» **Instructions to follow**
An exact copy of all the data, minus the images, is required.

--

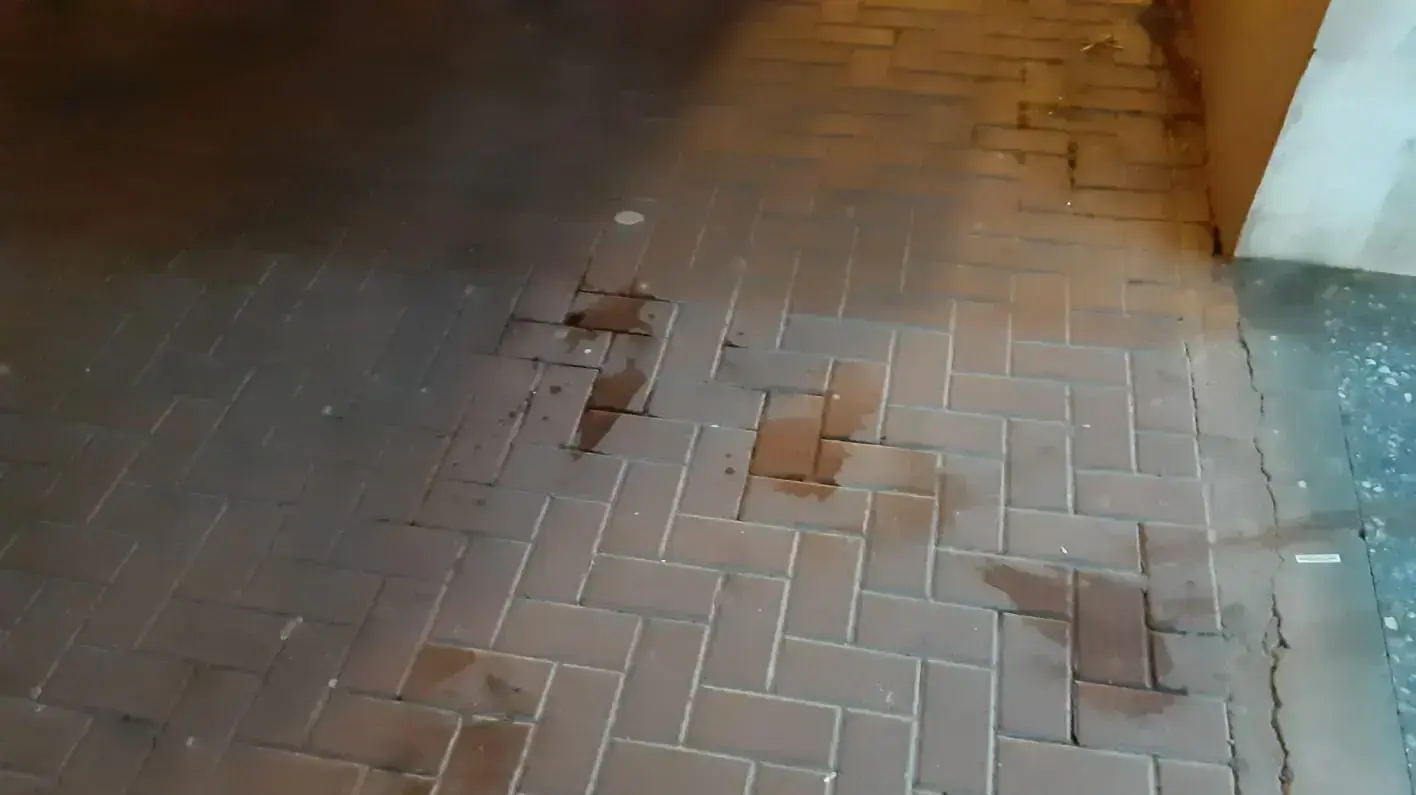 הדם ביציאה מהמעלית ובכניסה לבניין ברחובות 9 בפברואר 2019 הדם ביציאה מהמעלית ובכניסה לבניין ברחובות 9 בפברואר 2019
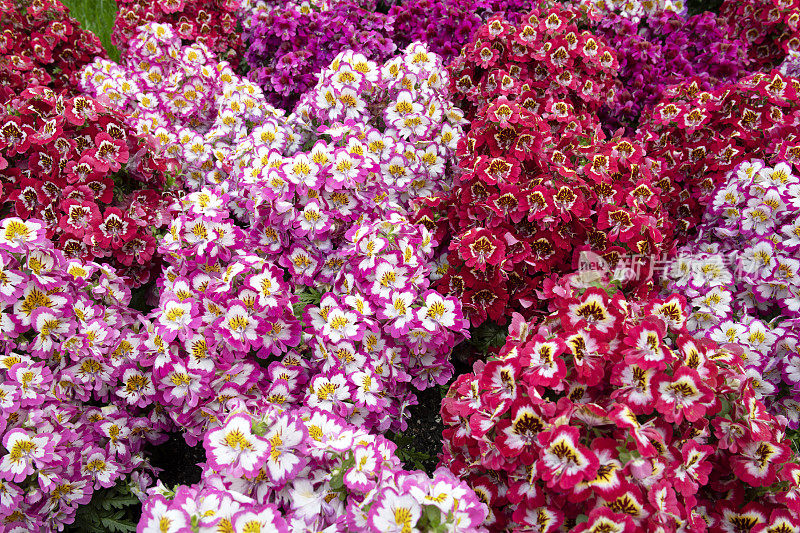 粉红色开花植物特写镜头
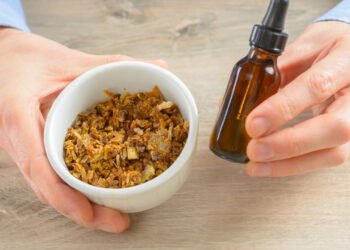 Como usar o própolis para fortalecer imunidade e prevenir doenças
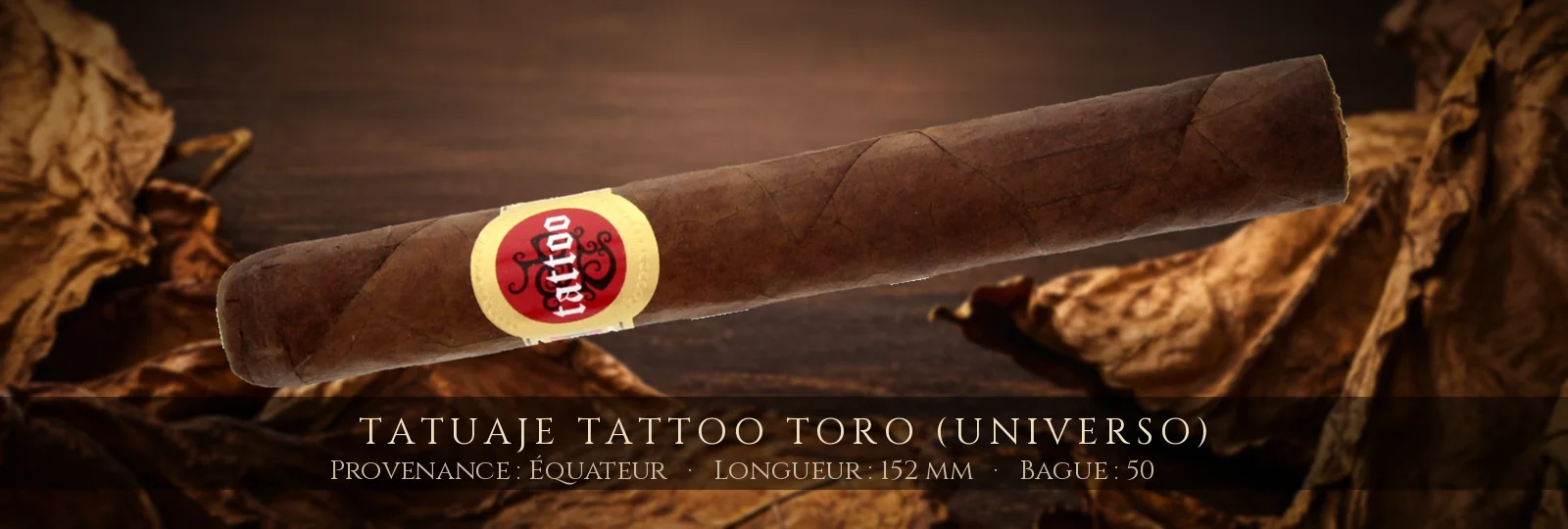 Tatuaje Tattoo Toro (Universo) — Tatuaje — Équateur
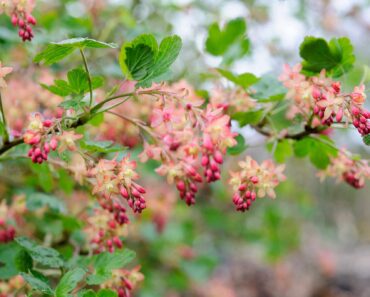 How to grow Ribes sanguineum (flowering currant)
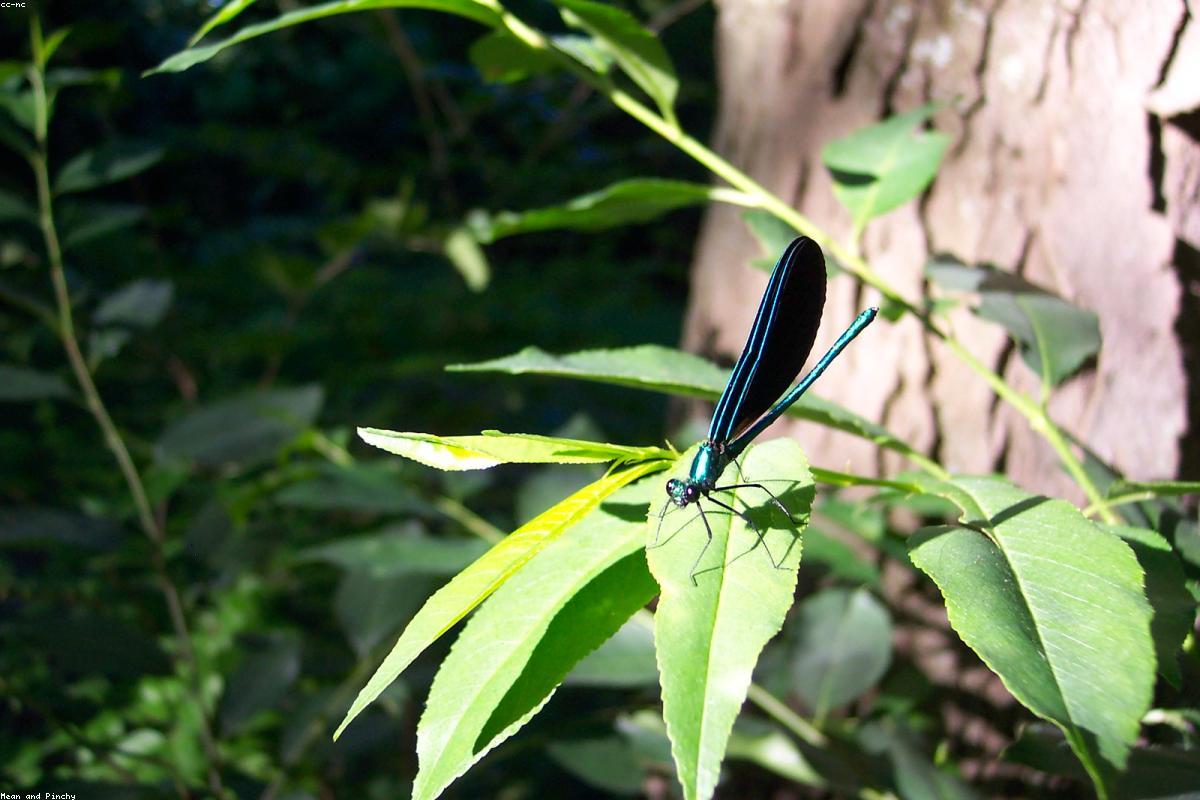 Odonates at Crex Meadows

--

» **Answer to this exercise**
 הדם ביציאה מהמעלית ובכניסה לבניין ברחובות 9 בפברואר 2019 הדם ביציאה מהמעלית ובכניסה לבניין ברחובות 9 בפברואר 2019
 粉红色开花植物特写镜头
 Como usar o própolis para fortalecer imunidade e prevenir doenças
 Tatuaje Tattoo Toro (Universo) — Tatuaje — Équateur
 How to grow Ribes sanguineum (flowering currant)
 Odonates at Crex Meadows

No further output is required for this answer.